China plans to launch transport rates for domestic pipeline natural gas (PNG) for the first time from 1 January 2024, China's main economic planning agency the NDRC said on 5 December.
These transport rates for PNG are inclusive of 9pc value-added tax. Total PNG transport prices are calculated based on the transport distance between the gas' entry and exit points. There are two main variables in the formula — the volumes being sent through in km³, and the distance between the start and end points in km. So to obtain the transport price for a certain amount of PNG being sent through any of China's pipelines, one would take the transport rate multiplied by volumes of gas sent in km³ and multiplied again by the distance between the start and end points in km.

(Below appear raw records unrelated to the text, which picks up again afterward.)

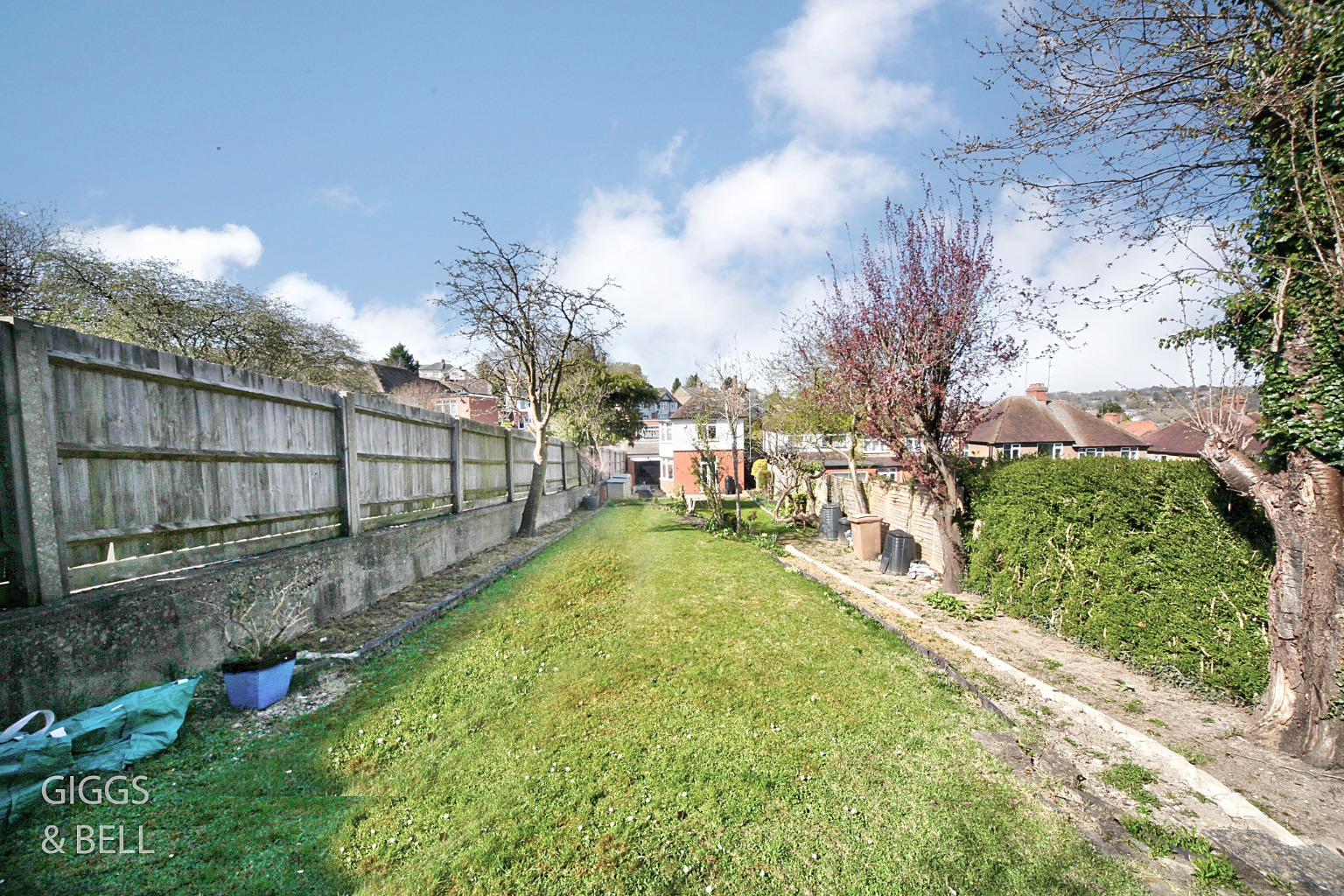 4 bed detached house for sale in Cutenhoe Road, Luton  - Property Image 25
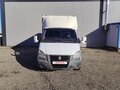 2019 ГАЗ ММ, белый, 1283000 рублей
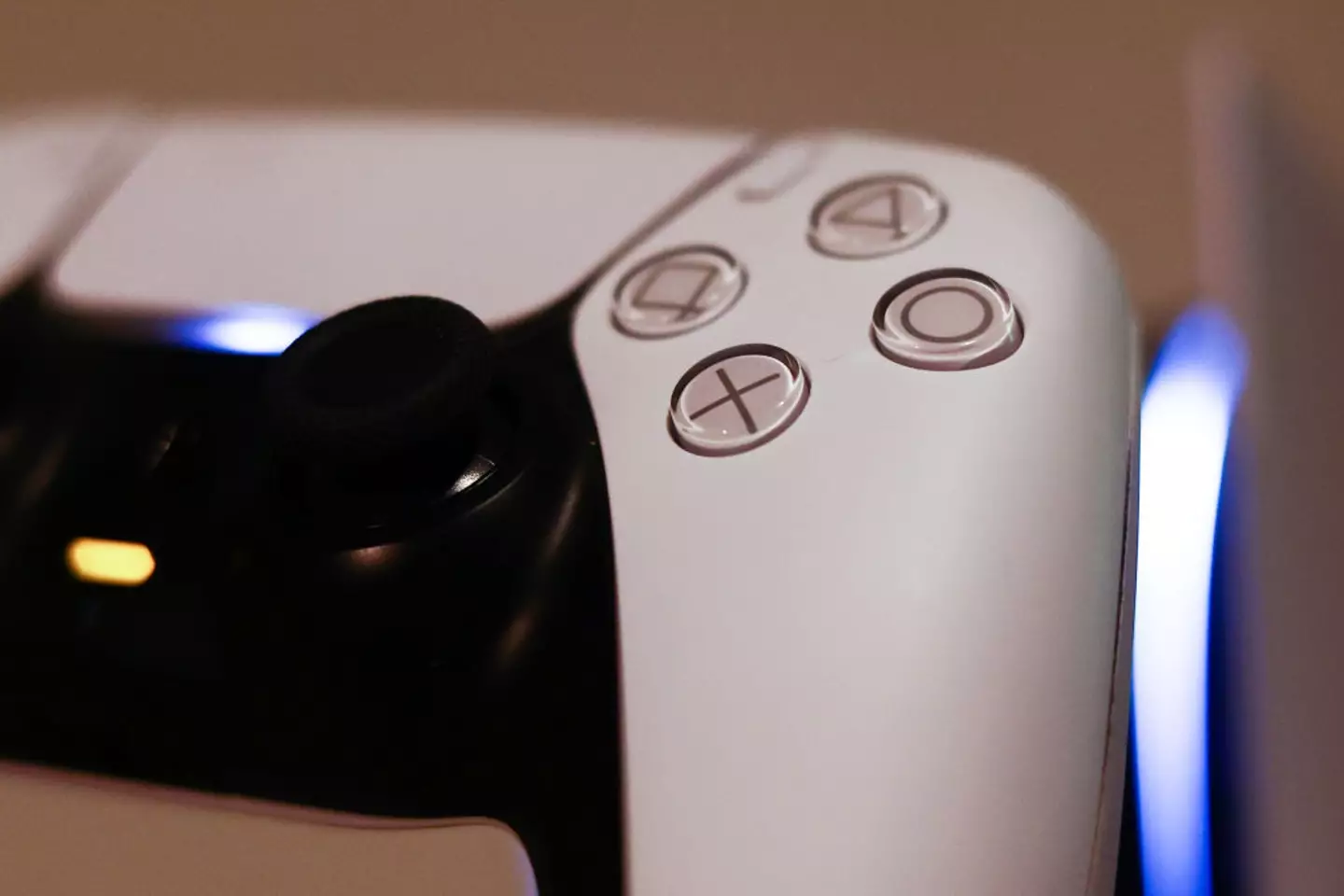 Tomohiro Ohsumi / Stringer / Getty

The number of interprovincial PNG transport prices has also been reduced from 20 to four, in a bid to simplify pricing in the pipeline gas market and increase transparency. This will also promote the free flow of natural gas resources and increase market competition, the NDRC added.
The transport rate for China's middle east region is Yn0.2783/km³-km. This rate is applicable across 28 pipelines, which mainly supplies to most coastal provinces in the country and central China.
The transport rate for the northwest region is Yn0.1262/km³-km. This rate is applicable across six pipelines, which mainly supplies to the provinces of Xinjiang, Qinghai and Gansu.
The transport rate for the northeast region is Yn0.1828/km³-km. This rate is applicable across five pipelines, which mainly supplies to northeast China and parts of Hebei province.
The transport rate for the southwest region is Yn0.3411/km³-km. This rate is applicable to only the China-Myanmar line which brings pipeline gas supply from Myanmar to the provinces of Yunnan and Guizhou.
The above listed pipelines are all managed by state-owned operator PipeChina.